Bush v. Vera (1996)

Bush v. Vera 517 US
952 (1996)


After the 1990 Census Texas received three
additional Congressional seats. As part of its reapportionment plan, the new redistricting
plan created three new majority-minority districts, two Hispanic and one
African American. The districts were undeniably gerrymandered for this purpose,
with little consideration for other factors, even compactness. Though cleared
by the DOJ and used for the 1992 elections, the plan was challenged and the
District Court held these three districts to be unconstitutional gerrymanders.
The case was appealed.


The Court first determined that voters in the
gerrymandered districts did have standing to sue. The Court then reaffirmed its
earlier holdings in Shaw and Miller that “Strict scrutiny applies where race was “the predominantfactor”
motivating the drawing of district lines, and traditional, race neutral districting principles were
subordinated to race.” The
districts were found to have substantially ignored compactness requirements in
order to create majority-minority districts, and that racial
gerrymandering was subject to strict scrutiny.
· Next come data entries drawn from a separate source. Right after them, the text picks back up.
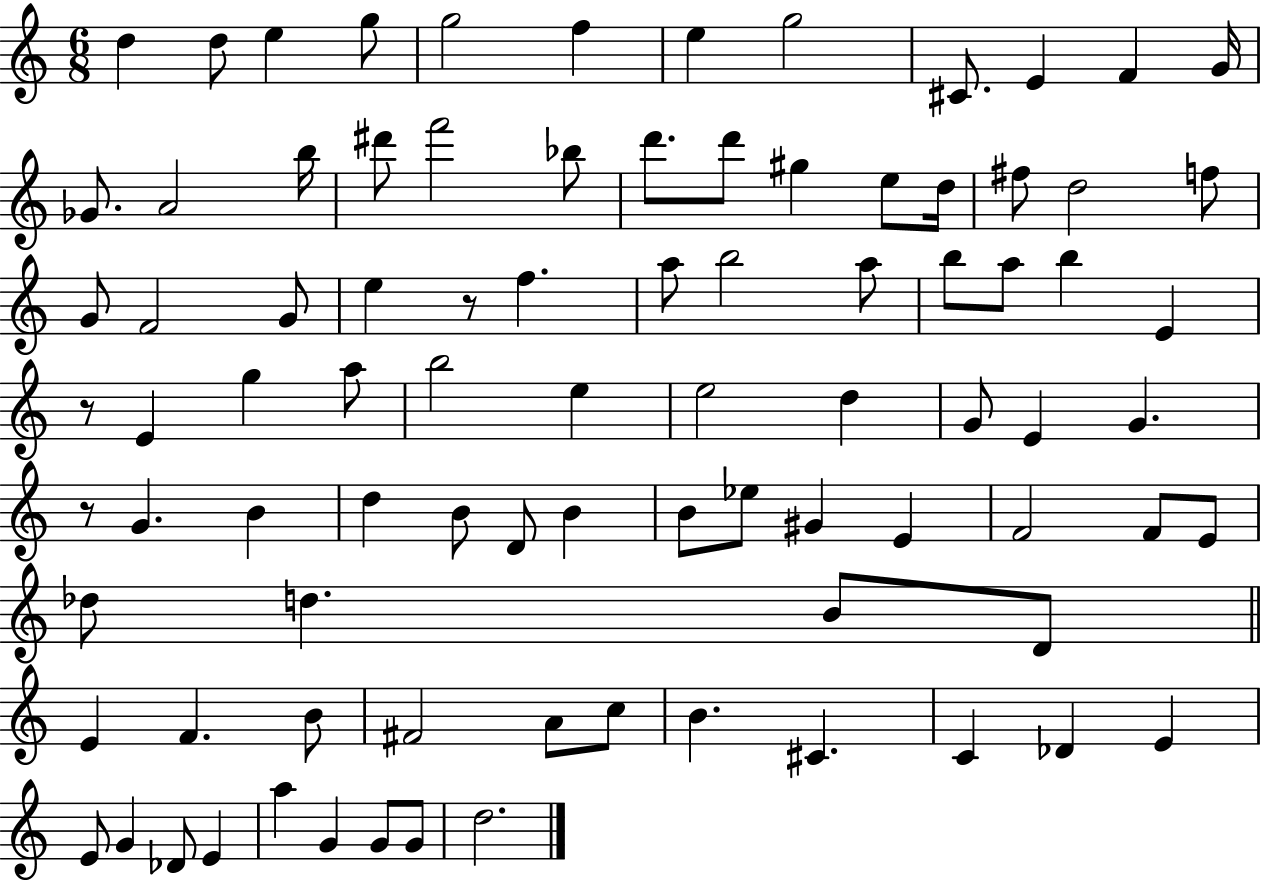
D5/q D5/e E5/q G5/e G5/h F5/q E5/q G5/h C#4/e. E4/q F4/q G4/s Gb4/e. A4/h B5/s D#6/e F6/h Bb5/e D6/e. D6/e G#5/q E5/e D5/s F#5/e D5/h F5/e G4/e F4/h G4/e E5/q R/e F5/q. A5/e B5/h A5/e B5/e A5/e B5/q E4/q R/e E4/q G5/q A5/e B5/h E5/q E5/h D5/q G4/e E4/q G4/q. R/e G4/q. B4/q D5/q B4/e D4/e B4/q B4/e Eb5/e G#4/q E4/q F4/h F4/e E4/e Db5/e D5/q. B4/e D4/e E4/q F4/q. B4/e F#4/h A4/e C5/e B4/q. C#4/q. C4/q Db4/q E4/q E4/e G4/q Db4/e E4/q A5/q G4/q G4/e G4/e D5/h. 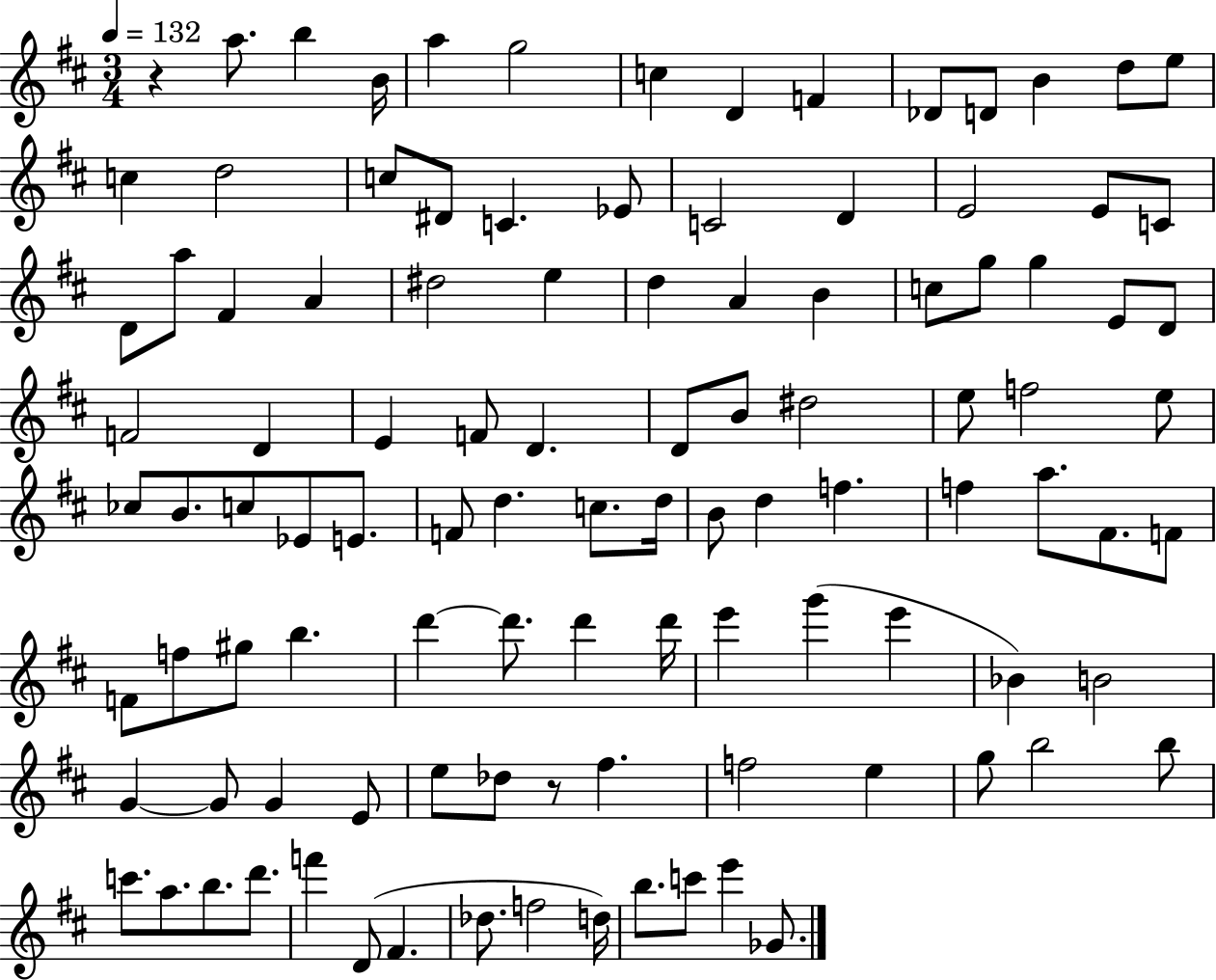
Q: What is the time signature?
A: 3/4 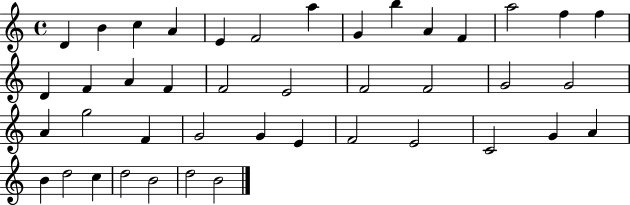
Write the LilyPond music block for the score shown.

{
  \clef treble
  \time 4/4
  \defaultTimeSignature
  \key c \major
  d'4 b'4 c''4 a'4 | e'4 f'2 a''4 | g'4 b''4 a'4 f'4 | a''2 f''4 f''4 | \break d'4 f'4 a'4 f'4 | f'2 e'2 | f'2 f'2 | g'2 g'2 | \break a'4 g''2 f'4 | g'2 g'4 e'4 | f'2 e'2 | c'2 g'4 a'4 | \break b'4 d''2 c''4 | d''2 b'2 | d''2 b'2 | \bar "|."
}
The Court explored the
defendants’ claim that incumbent protection and politically motivated
gerrymandering were the primary considerations, which if true would not result
in strict scrutiny review. The Court determined, however, that racial
considerations were the primary motivation, and thus strict scrutiny
applied. Under strict scrutiny, defendants
failed to provide a compelling interest to justify drawing districts based
purely on race,. Race can be an important consideration, and majority-minority
districts can be
intentionally drawn, but only of the established requirements stemming from §2 of the VRA have been
demonstrated. Furthermore, a history of discrimination, as in Texas, is not
sufficient on its own to satisfy this requirement. Discrimination must be
“specific and identified” in the district, along with racially polarized
voting, to substantiate the defendants voter dilution claim.

on Redistricting

The case reaffirmed
Shaw’s finding that creating majority-minority districts cannot justify gerrymandering without demonstrating
that the specific district meets the criteria for vote dilution under §2 of the VRA. While some
heavily gerrymandered districts, such as District 38 in California, can be
created to protect minority voting strength, the fact that a majority-majority
district can be created does not necessarily require or permit such a district
to be drawn. This allows line drawers more freedom in creating districts in
areas with large minority populations, or seen another way, less freedom to
maximize majority-minority districts.